Termina nesta quinta-feira (6/3) o prazo para que os municípios afetados pelo rompimento da barragem de Fundão, em Mariana (MG), em 2015, adiram ao novo acordo de reparação de danos. O acordo, firmado em outubro de 2024 e homologado pelo Supremo Tribunal Federal (STF) em novembro do mesmo ano, oferece recursos financeiros para as cidades impactadas pelo desastre ambiental, considerado um dos maiores do país.

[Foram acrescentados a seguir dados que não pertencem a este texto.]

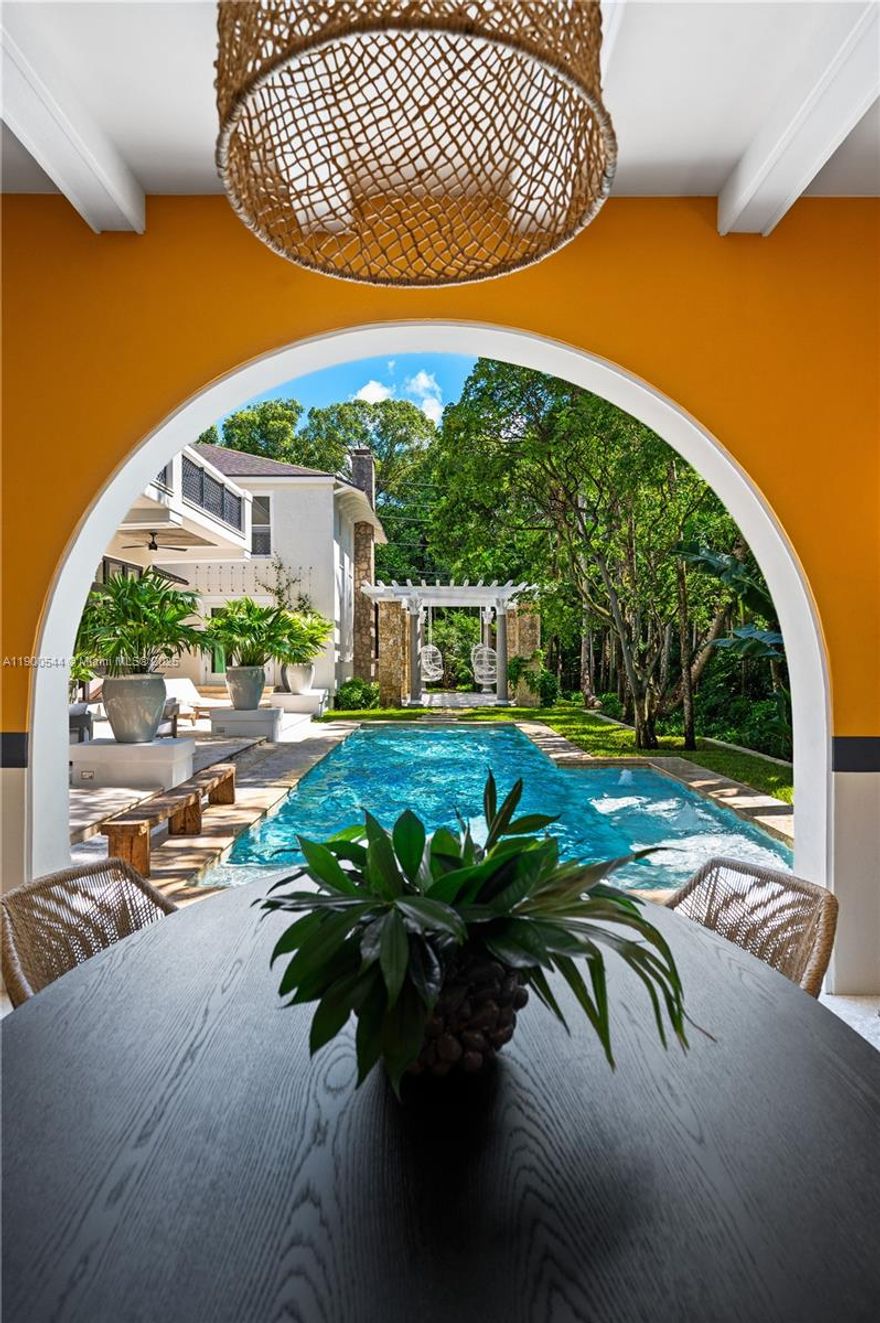 New construction, luxury home designed by renowned architect Jorge L. Hernandez is a luxury oasis offering the perfect blend of privacy and convenience in the heart of Coconut Grove. This masterpiece is situated on a nearly half-acre property behind a gated private lane with 6 bedrooms, 5 bathrooms, 2 half baths and stunning living spaces. Enjoy outdoor amenities, including a summer kitchen, lap pool, and expansive living areas. Unique to this property is a historic cottage seamlessly integrated with the new home, charming garden pergolas, trellises, porches, and a historic coral stone wall pays homage to the classic Coconut Grove style. Walk from this incredible property in South Grove to Miami's finest private schools, restaurants, shopping, and entertainment in Downtown Coconut Grove.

No entanto, a decisão de aderir ou não ao pacto divide os gestores públicos, que avaliam os riscos e benefícios de aceitar os valores propostos ou aguardar o desfecho de um processo judicial em andamento na Inglaterra.
Até a manhã desta quarta-feira (5/3), 17 dos 49 municípios atingidos pela lama da Samarco – controlada pela Vale e BHP – já haviam formalizado a adesão ao novo acordo. Outros oito prefeitos entregaram a documentação necessária para assinar o pacto, segundo informações publicadas na coluna “Painel”, do jornal Folha de São Paulo. No entanto, a decisão ainda está pendente em várias cidades, que precisam escolher entre os recursos oferecidos pela repactuação ou a possibilidade de obter valores mais expressivos por meio de uma ação judicial movida contra as empresas na Justiça britânica.
Recursos imediatos versus expectativa de ganhos futuros
A repactuação oferece recursos imediatos, mas exige que os municípios desistam de participar do processo judicial em curso na Inglaterra, conduzido pelo escritório de advocacia Pogust Goodhead. A sentença inicial desse processo está prevista para ser divulgada até meados de 2025. Enquanto alguns gestores veem a repactuação como uma garantia de recursos seguros, outros argumentam que os valores oferecidos são insuficientes para cobrir os danos causados pelo desastre.
Um exemplo dessa divergência é o município de Baixo Guandu (ES), que receberá R$ 95 milhões ao longo de 20 anos caso opte pela repactuação. No entanto, o prefeito Lastênio Cardoso, afirma que no processo da Inglaterra, a cidade tem a expectativa de receber 650 milhões – valor quase sete vezes maior. “É uma decisão difícil, porque precisamos de recursos agora, mas também não podemos abrir mão de uma compensação mais justa”, explicou.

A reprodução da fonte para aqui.